Every Sunday evening I drive out to play in my regular D&D campaign hosted by my friend Bob, or as you may know him, R.A. Salvatore. I’ve been pretty coy about mentioning this here on my blog, partly out of respect for Bob’s privacy, and partly because I didn’t want to come across as a name-dropping douche. I want to talk about it now though, because very soon you’ll see me promoting something here that he and I worked on together, and I figured you guys might want to know a little of the background.
I met R.A. Salvatore when working at 38 Studios, and somehow after that I managed to score an invite to his gaming group. I’m still not sure how I managed that, and I admit that when it first started I was still just a little star-struck. Eventually the novelty wore off and I discovered that Bob is a super nice guy, and an excellent roleplayer and DM. His group has been together for decades and is full of DMs, such that our style of play has become one of a shared world where we trade off DMing responsibilities. We each have a character, and when my turn to DM comes around I sideline mine to run the rest of the group through whatever adventures I have planned, and then some weeks later I trade off to the next DM who does the same while I dust my character off to return to the player side of the screen.
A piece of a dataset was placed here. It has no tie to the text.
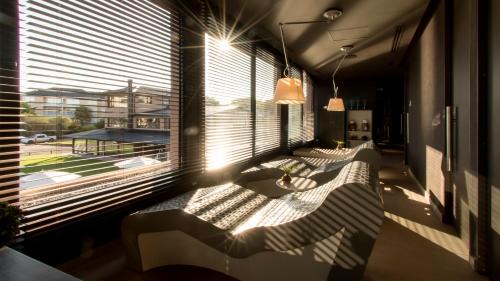 Carilo Apartment | Relax at Ville Saint Germain Apart Hotel & Spa - 4 Star Oasis
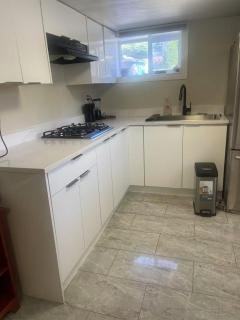 One room in shared house - Victoria - 2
When I first joined the group we were playing Demon Wars, an excellent RPG designed by Bob and his sons Bryan and Geno, set in the world of his Demon Wars series of novels. I’ve written about the Demon Wars system here a few times, and it’s a ton of fun and I definitely recommend you check it out. Recently, however, the group has decided to explore 5th Edition D&D, and so we’ve been playing that for several months now. Our characters just hit 9th level.
Then one day Bob suggested that maybe our group might consider publishing some of the adventures we’ve been writing for each other. He said we could look into putting some of them up on DM’s Guild and promote them under his name. How could I say no? In fact my turn to DM was coming up and I was already working on adapting some material I had written to 5th edition, so it seemed totally reasonable to go the extra mile and prep a nice looking PDF out of it.
I started with a 2-page D&D adventure I wrote here on this blog and converted it to 5th edition. I created custom stat blocks and descriptions for ten unique monsters that were previously just a name and number of HD. I expanded a brief puzzle idea from a couple quick lines of text to half a dozen player hand-outs. I wrote out ideas barely hinted at in the original text so someone other than me could actually run the thing. I purchased some really beautiful artwork that happens to fit my adventure incredibly well, and I learned a huge amount about layout and design that I never knew before. And of course I play-tested it with our group.
I’m sorry to say that I was not able to kill Bob with this one. I will try better next time.
I now have a 20-page 5th Edition D&D adventure for character levels 6-8, ready to drop into any campaign, with the legend “R.A. Salvatore Presents” proudly emblazoned across the top. It will be available for sale on DM’s Guild very soon, I’m just doing some final edits to make sure I do our group proud. To be honest, I’m super nervous about putting this one out there, but also super excited. Regardless of how it does, I want to say a huge thank you to R.A. Salvatore, and the rest of the gang, for being so supportive, for giving me this great opportunity, and for just being an awesome bunch to play D&D with.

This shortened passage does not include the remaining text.